Understanding the menu hierarchy

Toast products use a hierarchical structure to organize your menu offerings:

  • Menus are the highest level of the hierarchy and represent top-level categories for the offerings your restaurant serves, for example, Food, Drinks, Lunch, Dinner, Happy Hour, or Bar.

  • Menus contain menu groups, which are smaller sets of related offerings, for example, a Food menu might contain menu groups for Appetizers, Salads, Entrees, and Desserts.

  • Menu groups contain menu items, which are the offerings themselves.

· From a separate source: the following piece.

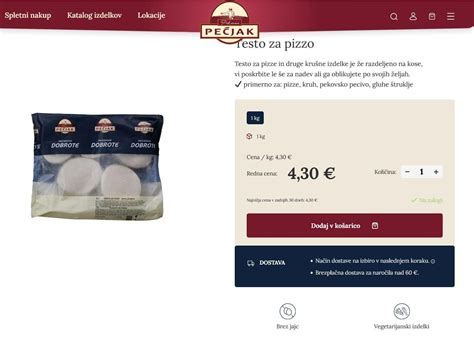 Različni nadevi za pico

An Entrees menu group might contain Roast Chicken, Pasta Primavera, and Blackened Salmon menu items.

  • Menu groups can also contain menu subgroups that further classify the items in the group. For example, an Entrees menu group could contain From the Grill and Vegetarian subgroups.

    Subgroups can be used to make navigating your menu easier. However, each subgroup requires an additional selection by the user who is trying to find a specific menu item in that subgroup. For this reason, the menu builder limits the nesting of subgroups to three subgroups below a parent menu group (Menu > Menu group > Subgroup 1 > Subgroup 2 > Subgroup 3).

    Menu groups and subgroups are effectively the same and have the same configuration settings. The only difference between them is where they exist in the menu's hierarchy.

  • Menu items can be assigned modifier groups that are used to further customize the menu item, for example, a Turkey Sandwich menu item could be assigned Cheese and Condiment modifier groups that allow a user to specify the type of cheese and the condiments they want on their sandwich.

    Modifier groups can also be assigned to menu groups and subgroups. When a modifier group is assigned to a menu group or subgroup, it applies to all the menu items contained in that menu group or subgroup.

  • Modifier groups contain modifiers that represent the specific changes you can make to the menu item. For example, a Cheese modifier group could contain Cheddar and Provolone modifiers while a Temperature modifier group could contain Rare, Medium, and Well Done modifiers.

This hierarchical structure allows your guests and employees to quickly and easily locate the items they want to add to an order and modify them as needed. The structure you create is used by all Toast products, including Toast Online Ordering, Toast Takeout, Toast Order and Pay, Toast Kiosk, and the Toast POS app.

This documentation uses the term menu entity to refer generally to a component in the menu hierarchy (menu, menu group, menu subgroup, menu item, modifier group, or modifier).

Note

The classic menu workflow supports nested modifier groups. A nested modifier group allows a guest or employee to further customize a modifier. For example, a dinner entree could have a Side Salad modifier. The Side Salad modifier can contain a nested modifier group called Salad Dressing with Balsamic and Ranch modifiers. The menu builder does not yet support nested modifier groups.